Il marcha devant nous et nous lui emboîtâmes le pas, ce jour-là et le suivant.
L'après-midi du troisième jour, nous avons atteint le sommet du mont Hermon5, et il est resté là, immobile, à regarder les villes des plaines.
Son visage brillait comme de l’or en fusion. Il a ouvert les bras et nous a dit : « Regardez la terre dans sa verte parure, et voyez comment les rivières ont ourlé d’argent les pans de ses habits.
« En vérité, la terre est belle et tout ce qui la recouvre est beau.
« Mais il existe un royaume par-delà celui que vous voyez, où je régnerai. Si tel est votre choix et si tel est votre désir, vous aussi vous viendrez et vous régnerez avec moi.

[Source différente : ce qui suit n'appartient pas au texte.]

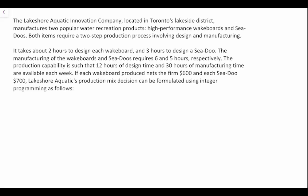In this video we're going to explore the concept of integer programming. The Lakeshore Aquatic Innovation Company located in Toronto's Lakeside District manufactures two popular water recreation products: a high-performance wakeboard and Sea-Doos. Both items require a two-step production process involving design and manufacturing. It takes about two hours to design each wakeboard and three hours to design a Sea-Doo. Manufacturing wakeboards and Sea-Doos requires six and five hours respectively. The production capability allows 12 hours of design time and 30 hours of manufacturing time available each week.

« Vos visages et le mien ne porteront pas de masques ; nos mains ne brandiront ni épée ni sceptre, et nos sujets nous aimeront en paix et sans avoir peur de nous. »
Ainsi parla Jésus et tous les royaumes terrestres, toutes ces cités avec tours et remparts disparurent à mes yeux ; dans mon cœur, je désirais suivre le Maître dans son royaume.
C'est alors que Judas l’Iscariote s’avança. Il marcha vers Jésus et prit la parole : « Vois comme les royaumes de ce monde sont vastes, et vois comme les cités de David et Salomon sauront se défendre contre les Romains. Si tu dois être le roi des Juifs, nous serons à tes côtés, épée et bouclier à la main, et nous vaincrons l’étranger. »
Mais, quand Jésus entendit ces propos, il se tourna vers Judas, le visage courroucé. Il parla d’une voix aussi effroyable que les grondements du tonnerre dans les cieux : « Arrière, Satan ! Tu te figures que je suis descendu de la nuit des temps pour régner sur une fourmilière l’espace d’une journée?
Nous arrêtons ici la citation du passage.